**ABOUT THIS TASK:** Only the lines from the one with "Wilfred Free Aritiza" through the last line of the material below belong in the answer, copied exactly and without pictures.

**SUPPLIED RECORDS:**
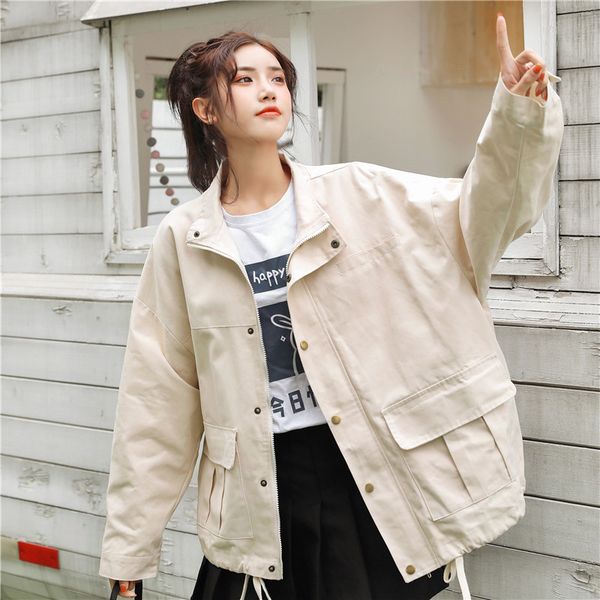 

new 2020 autumn jackets women double pockets loose solid casual windbreaker outerwear coat ladies outwear tooling jackets, Black;brown
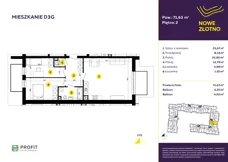 3 pokoje, mieszkanie 71,78 m², piętro 2, oferta nr TRF/D/3G, Nowe Złotno, Łódź, Polesie, Złotno, ul. Traktorowa 24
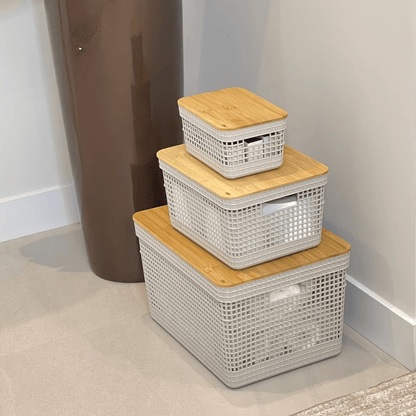 Conjunto 3 Cestos Organizadores Grid Bege com Tampa de Bambu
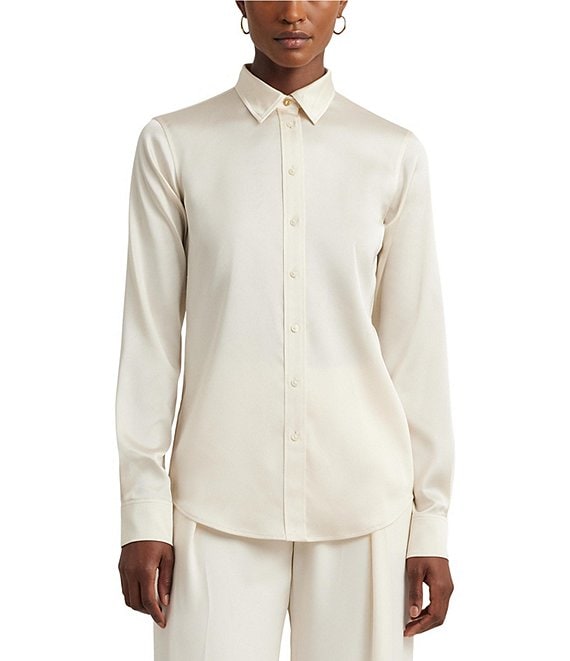 Lauren Ralph Lauren Satin Charmeuse Long Sleeve Shirt | Dillard's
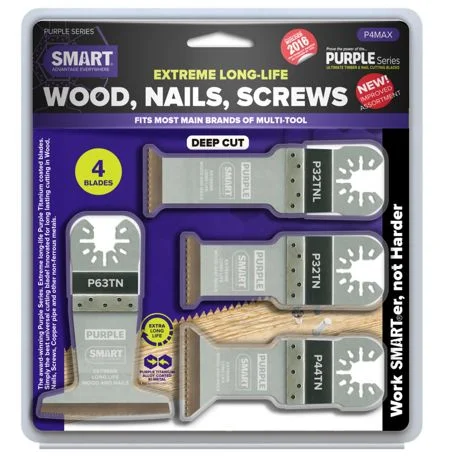 Royd Smart Purple Series 32mm Titanium Alloy Bi-metal Blade - 3pk + FOC H32RW Rapid Wood Blade Ref P32TN3PLUS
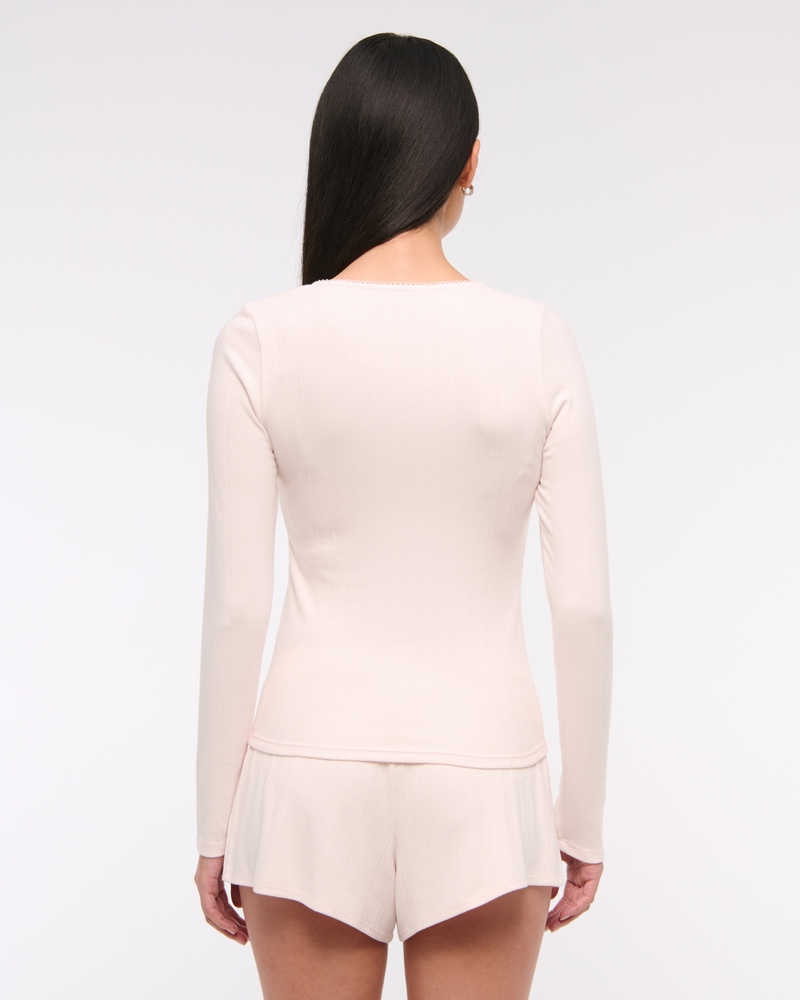 Long-Sleeve Pointelle Sleep Top(soft rose,XXS)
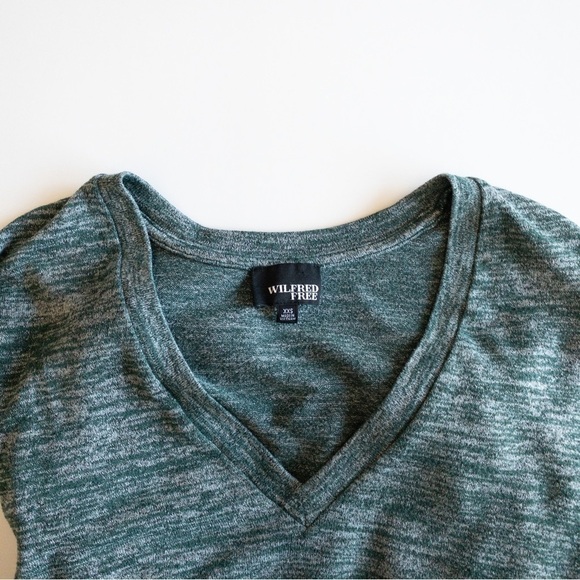 Wilfred Free Aritiza Devinette Oversized Tee V-Neck Green Grey Slub Knit XXS Y2K - Picture 6 of 9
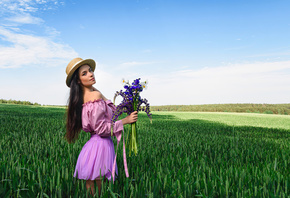 fields, girl, flower, beauty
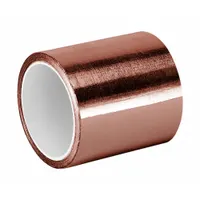 Copper foil electrical tape for general-purpose EMI/RFI shielding, grounding, and static discharge applications. Rated for 600 V. Suitable for use in electrical enclosures, cable assemblies, and repair work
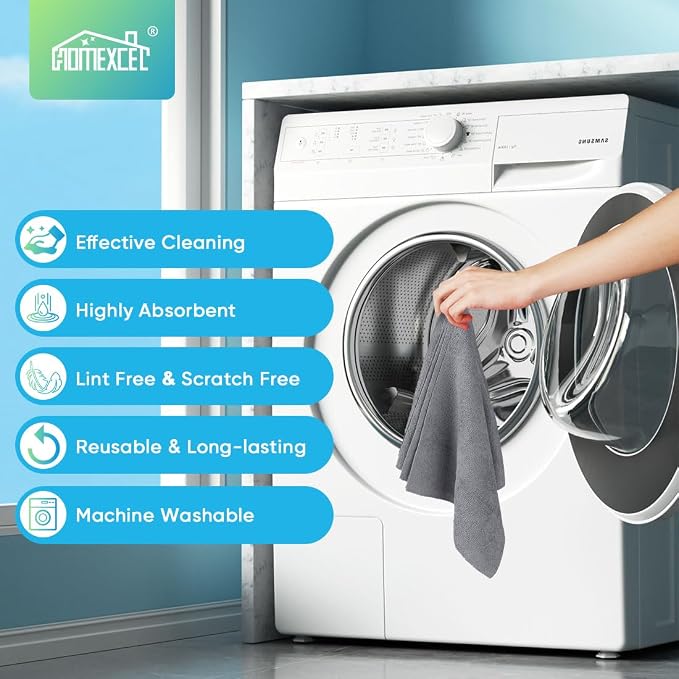 HOMEXCEL Microfiber Cleaning Cloth 100PK, Towels - Image 7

**WRITTEN SOLUTION:**
 Wilfred Free Aritiza Devinette Oversized Tee V-Neck Green Grey Slub Knit XXS Y2K - Picture 6 of 9
 fields, girl, flower, beauty
 Copper foil electrical tape for general-purpose EMI/RFI shielding, grounding, and static discharge applications. Rated for 600 V. Suitable for use in electrical enclosures, cable assemblies, and repair work
 HOMEXCEL Microfiber Cleaning Cloth 100PK, Towels - Image 7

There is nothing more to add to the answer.